- West Indies / Sri Lanka
- Dates: 30 May – 27 June 2018
- Captains: Jason Holder / Dinesh Chandimal

Test series
- Result: 3-match series drawn 1–1
- Most runs: Shane Dowrich (288) / Kusal Mendis (285)
- Most wickets: Shannon Gabriel (20) / Lahiru Kumara (17)
- Player of the series: Shane Dowrich (WI)

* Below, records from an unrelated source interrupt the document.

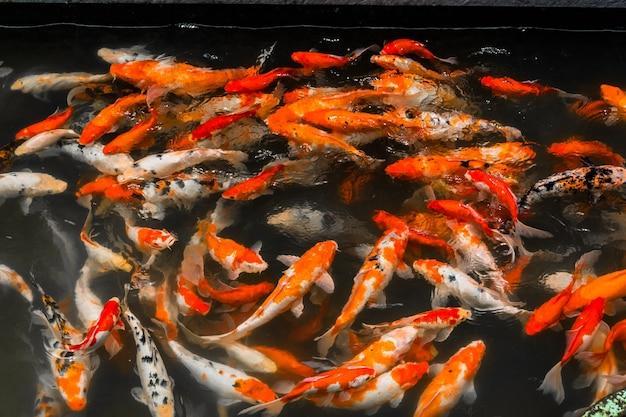 Espécies de peixes que vivem bem juntas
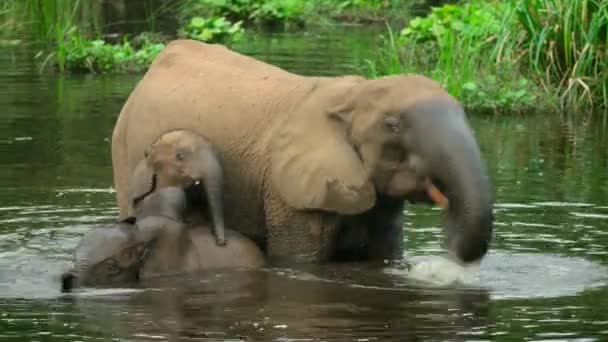 Elefantes Extraen Sales Del Lodo Usando Sus Troncos Mbeli Bai — Vídeos de Stock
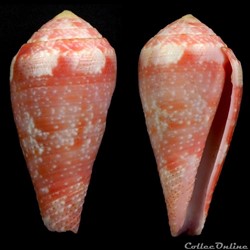 Rhizoconus pertusus elodieallaryae Cossignani, 2013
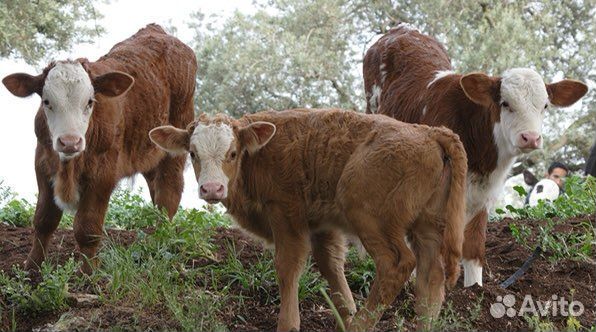Бычки молодняк от 1 месяца до 10 месяцев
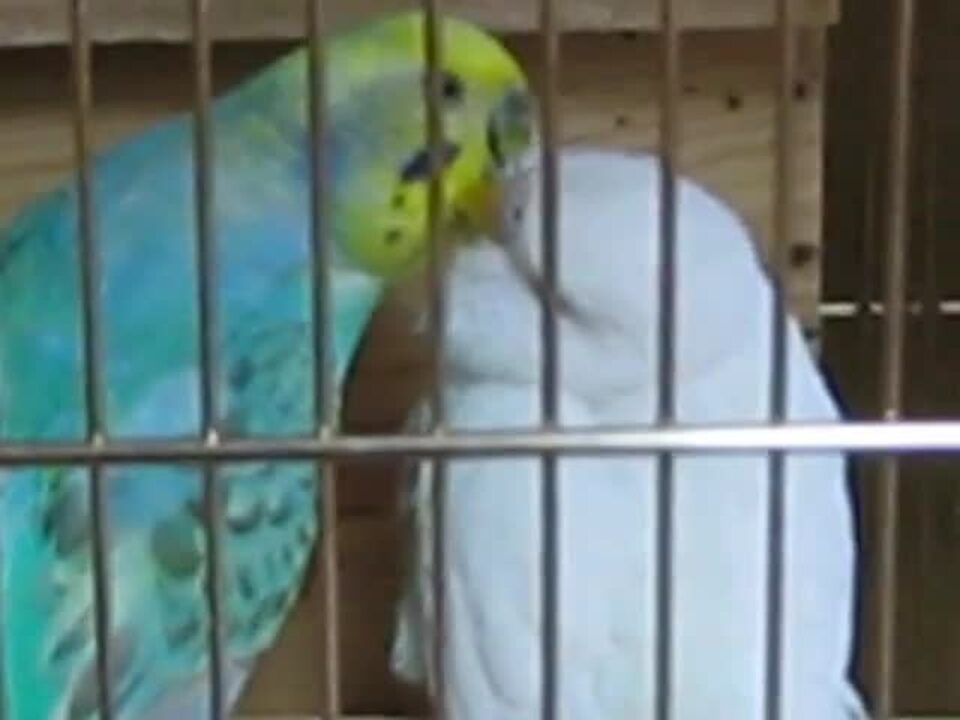 インコ セキセイインコ レビュー評価 評判 価格 Com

= Sri Lankan cricket team in the West Indies in 2018 =

International cricket tour

The Sri Lankan cricket team toured the West Indies in June 2018 to play three Test matches. The series was played for Sobers–Tissera Trophy. The tour featured Sri Lanka's first Test matches in the West Indies since April 2008 and included their first Test match at the Kensington Oval. The Test match at the Kensington Oval also became the first day/night Test to be played in the West Indies. Ahead of the Test matches, there was a three-day tour match. The Test series was drawn 1–1.

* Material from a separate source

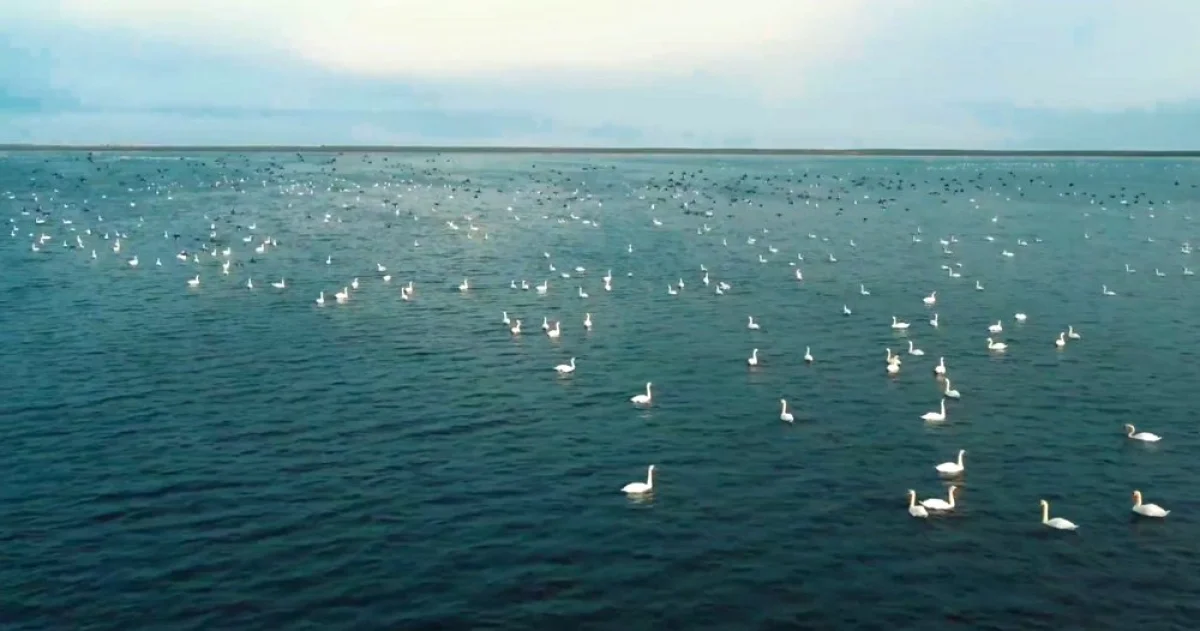 Фото из архива lada.kz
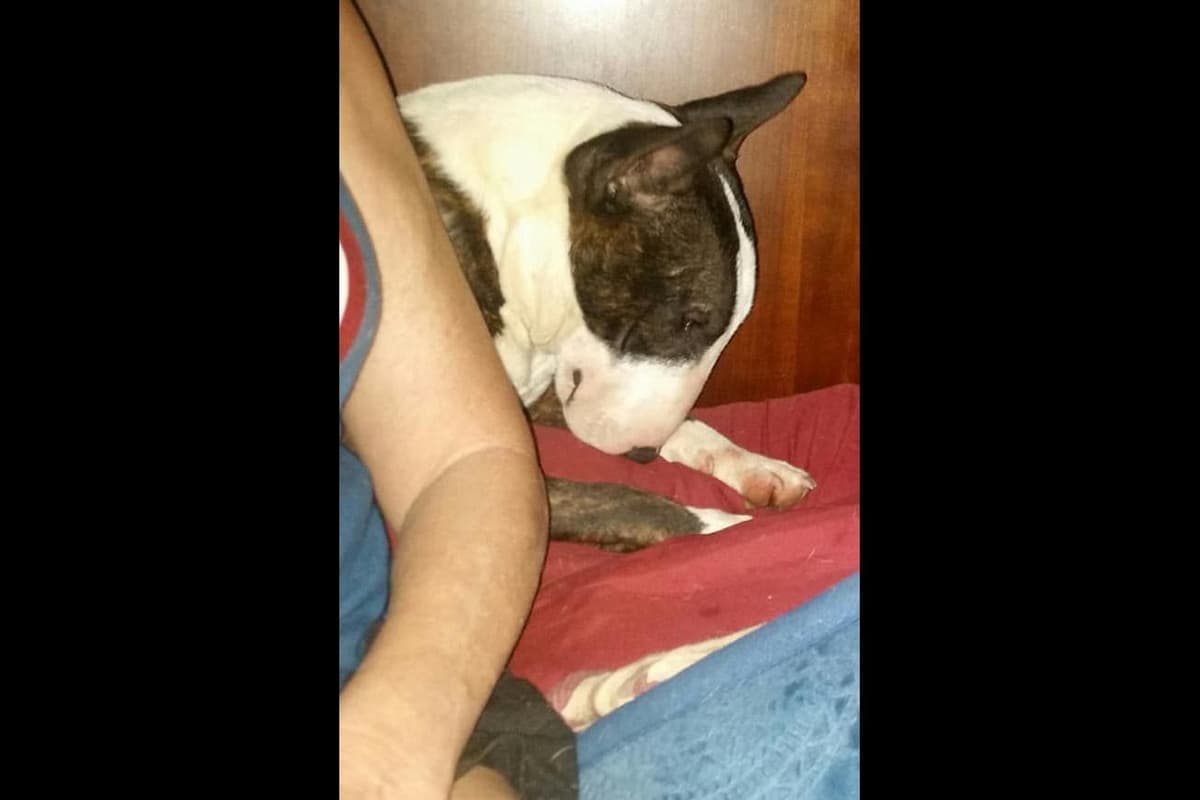 Miniature Bull Terrier Puppies breeder image 12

On 19 May 2018, Cricket West Indies (CWI) announced that they may scrap one of the Test fixtures, replacing it with a couple of one-day matches. However, the day before the first Test, the International Cricket Council (ICC) confirmed that it would be a three-match Test series.

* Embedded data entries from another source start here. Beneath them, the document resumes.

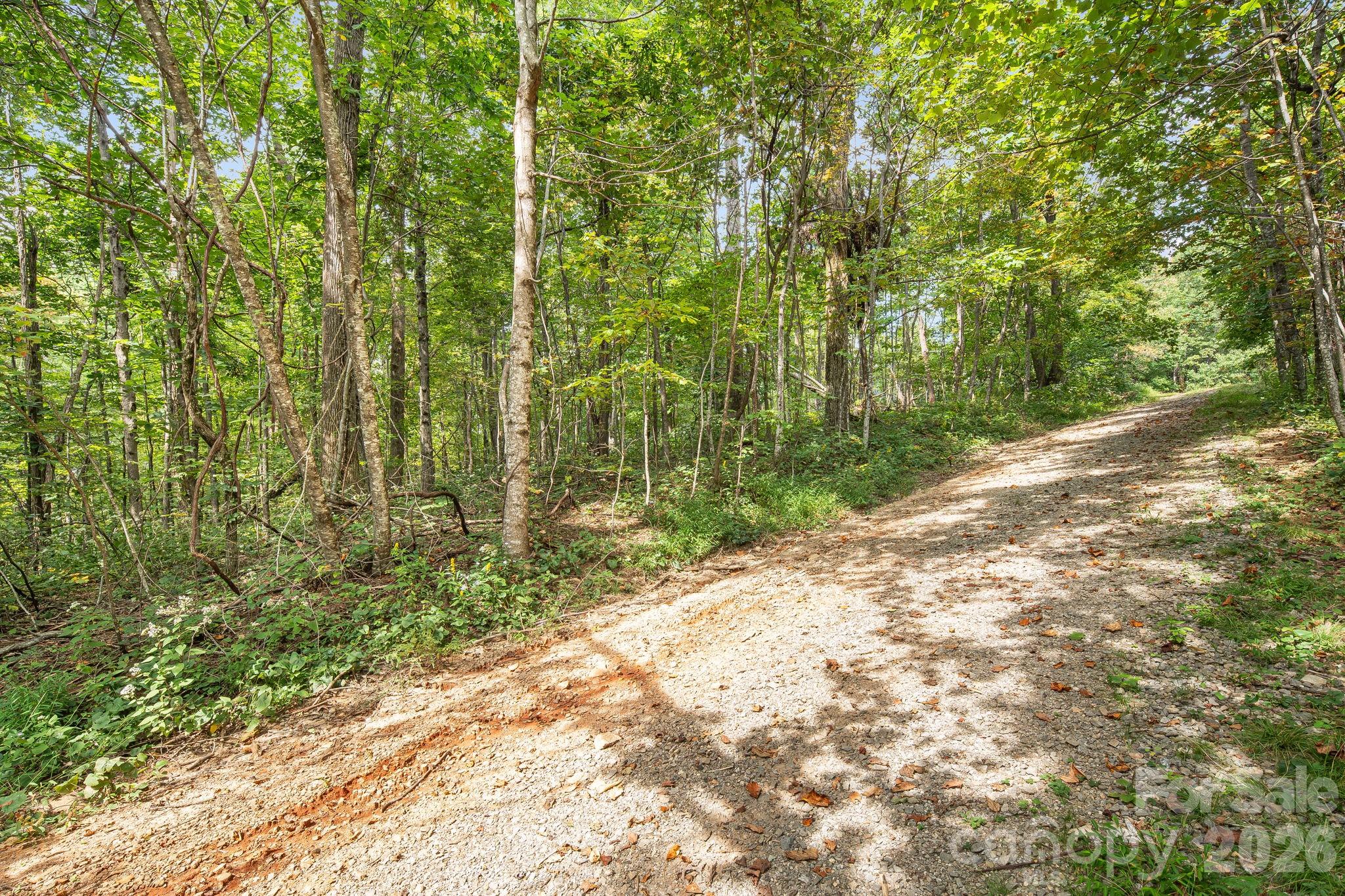 Deer Run Estates - Land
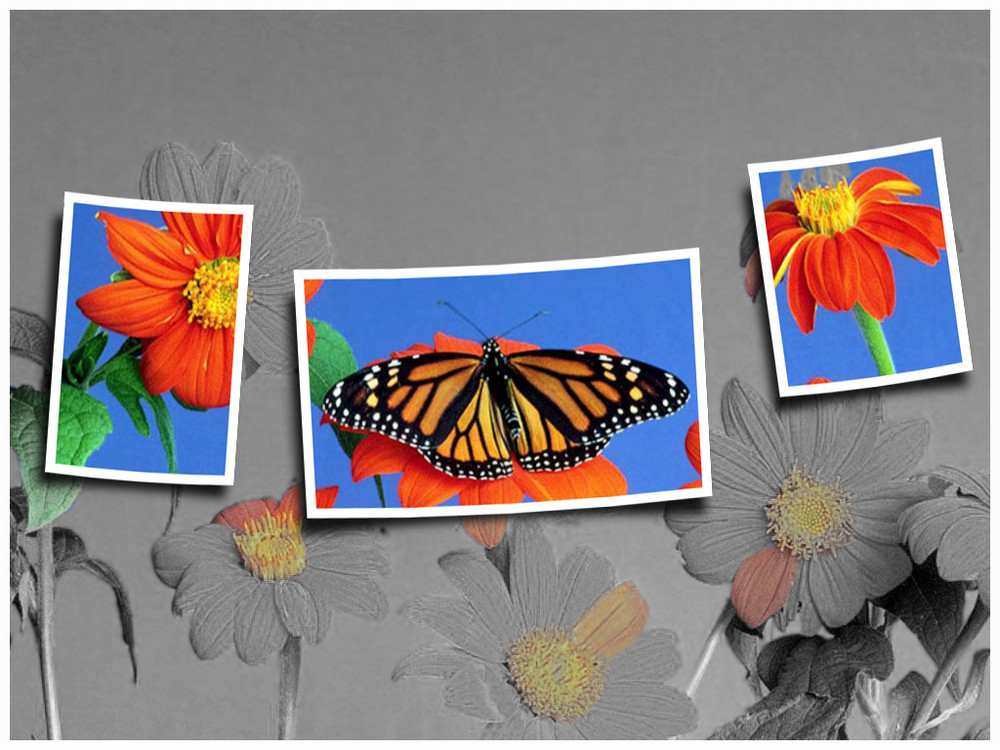 Butterfly`s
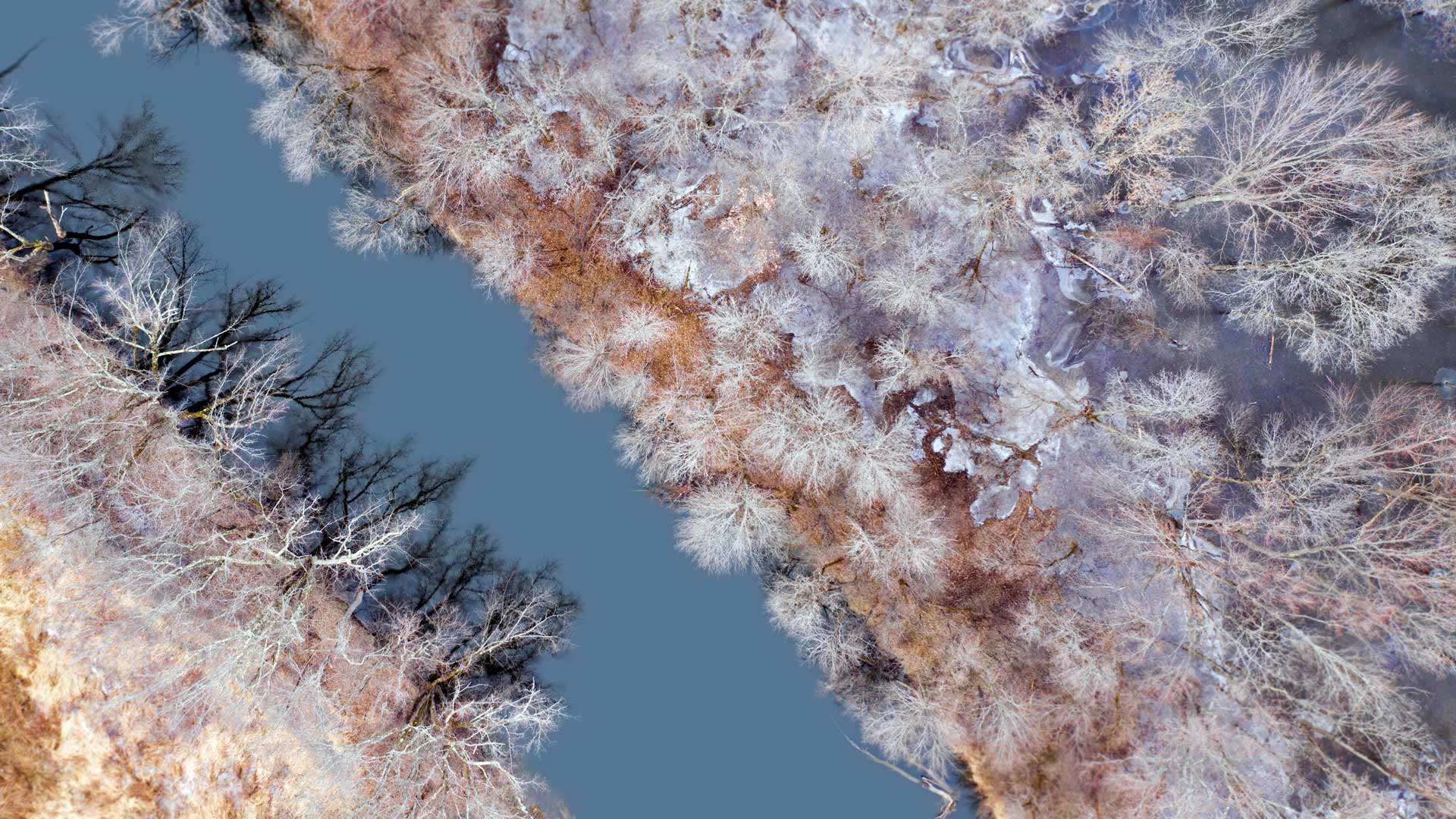 冬天的水獭溪，佛蒙特州布兰登 (© Caleb Kenna/Offset)(Bing China)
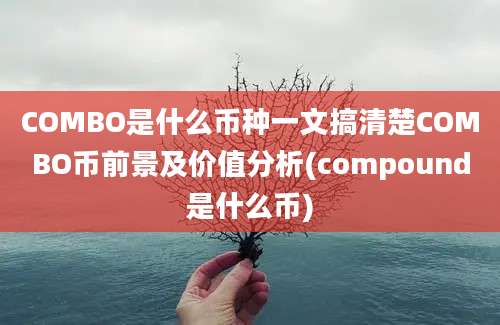 COMBO是什么币种一文搞清楚COMBO币前景及价值分析(compound是什么币)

Prior to the start of day three of the second Test, the Sri Lankan cricket team protested against umpires' decision on starting the third day's play with a new ball, replacing the old ball. The Sri Lankan cricket team, led by Dinesh Chandimal, refused to take to the field on the third day of the Test, after showing its disagreement on changing the ball, causing play to be delayed by two hours. The ICC charged Chandimal with the offense of "changing the condition of the ball". Chandimal pled not guilty to the charge. Ahead of the third fixture, the ICC suspended him for one Test match, with Chandimal appealing against the decision. The ICC dismissed Chandimal's appeal, and the one-match ban was upheld. Sri Lanka Cricket (SLC) named Suranga Lakmal as the captain for the third Test of the series in Chandimal's absence. He became the sixteenth player to captain Sri Lanka in a Test match.

==Squads==

| West Indies | Sri Lanka |
|---|---|
| Jason Holder (c); Devendra Bishoo; Kraigg Brathwaite; Roston Chase; Miguel Cummins; Shane Dowrich (wk); Shannon Gabriel; Jahmar Hamilton (wk); Shimron Hetmyer; Shai Hope; Keemo Paul; Kieran Powell; Kemar Roach; Devon Smith; | Dinesh Chandimal (c); Akila Dananjaya; Dhananjaya de Silva; Niroshan Dickwella (wk); Asitha Fernando; Lahiru Gamage; Danushka Gunathilaka; Rangana Herath; Lahiru Kumara; Suranga Lakmal; Angelo Mathews; Kusal Mendis; Dilruwan Perera; Kusal Perera; Kasun Rajitha; Dasun Shanaka; Roshen Silva; Mahela Udawatte; Jeffrey Vandersay; |

Ahead of the tour, Dhananjaya de Silva initially withdrew from the Sri Lankan squad following the death of his father. However, he returned to the squad ahead of the first Test. Prior to the second Test, Angelo Mathews and Lahiru Gamage were ruled out of Sri Lanka's squad for the rest of the series (on account of personal reasons, and a fractured finger, respectively) and were replaced by Danushka Gunathilaka and Dasun Shanaka. Shimron Hetmyer was ruled out of the final Test due to illness, with Keemo Paul replacing him in West Indies' squad. Before the third and final Test, Sri Lanka's Jeffrey Vandersay was sent home due to conduct issues.